Ayuso considère Ayala comme un « exemple de persécution des mineurs migrants parce qu'ils en sont un » après son « petit acte » avec La Cantueña
Il accuse le délégué de chercher à « déstabiliser les gouvernements locaux » et ironise sur la situation du PSOE : « Ici, chacun se détruit comme il veut »
La présidente de la Communauté de Madrid et du PP régional, Isabel Díaz Ayuso, a qualifié le maire de Fuenlabrada, Javier Ayala (PSOE), d'« exemple de persécution de mineurs immigrés parce qu'ils sont immigrés » après son « petit acte » avec le premier centre d'accueil à La Cantueña.
Le leader régional a plaisanté sur le caractère progressiste du PSOE « pour l'annonce » et sur son humanité envers l'immigré mais « qui est loin de chez lui ». « Dès qu'on a construit un centre pour les accueillir et aussi pour leur donner une formation, j'insiste sur le respect de notre obligation, ils ont déjà commencé à les pointer du doigt, à les stigmatiser, il suffit de les chasser dans la commune, » a-t-il critiqué dans son discours après la réunion du Comité Exécutif du PP Madrid tenue à Boadilla del Monte.

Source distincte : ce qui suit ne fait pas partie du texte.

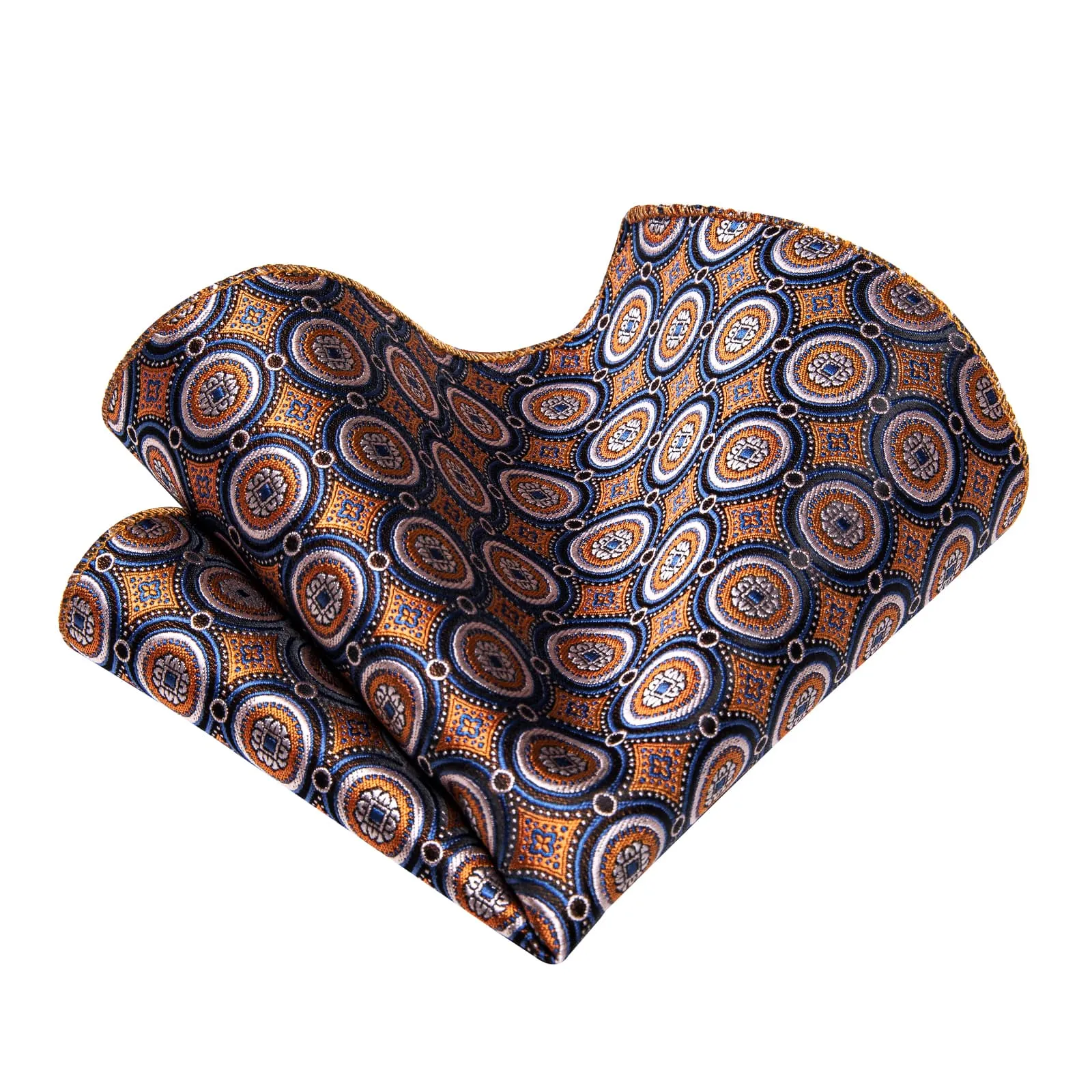 YourTies $19.5 Orange Tie Jacquard Men's Novelty Formal Regular Necktie Set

Le centre de La Cantueña provoque depuis des mois un affrontement entre l'exécutif régional et le maire de Fuenlabrada avec des tentatives de paralysie judiciaire de la part d'Ayala. Enfin, ce week-end, les premiers mineurs sont arrivés pour entamer leur « processus d'intégration » dans la société espagnole.
Ayuso a défendu le centre en signe de sa « responsabilité absolue » dans le respect de la Loi sur les mineurs face à un « abandon de fonctions » de l'Exécutif central en matière de défense des frontières. « Alors que l'aéroport de Madrid-Barajas est un désastre, l'entrée des immigrants qui abandonnent leur vie en mer est un désastre complet et un drame, nous remplissons notre devoir », a défendu Isabel Díaz Ayuso.
Dans le même sens, il a assuré que le gouvernement national, dans le cadre de sa « dégradation institutionnelle », ne « protège plus sa population ni n'anticipe les problèmes qui apparaissent clairement et qui vont se multiplier ».
OBJECTIF : LE SUD ET HENARES
Au cours de cette intervention, il a également indiqué le sud et le corridor Henares – où le PSOE maintient encore des municipalités comme Fuenlabrada, San Fernando de Henares ou Getafe – comme des lieux où le PP doit travailler « surtout » avec d'autres zones de la Communauté. de Madrid où ils sont « ciblés par le gouvernement ». Il a également demandé d'influencer la situation de Cercanías Madrid, qui est « le résultat de l'abandon systématique » auquel le gouvernement de Pedro Sánchez a « soumis la région ». « Peut-être parce que nous sommes fidèles à l'Espagne et que nous ne participons pas à d'autres discours », a-t-il déclaré.
Il a ensuite attaqué le délégué du gouvernement à Madrid, Francisco Martín, qui « ne cherche qu'à déstabiliser les gouvernements locaux, à les embrouiller, à rechercher le protagoniste » et il a ridiculisé les problèmes internes du PSOE à Madrid en déclarant que « chacun se détruit comme il veut. » « Mais il est vrai que cela finit par devenir une distorsion dans la vie quotidienne de beaucoup de nos maires », a-t-il prévenu.
Ayuso l'a illustré avec la maire d'Alcalá de Henares, Judith Piquet, qui n'a « rien fait d'autre que remplir son obligation » et qui est donc « la proie à battre » par « ce projet de plus en plus autoritaire qui ne respecte rien et ». qui tente d’imposer des politiques socialistes désastreuses.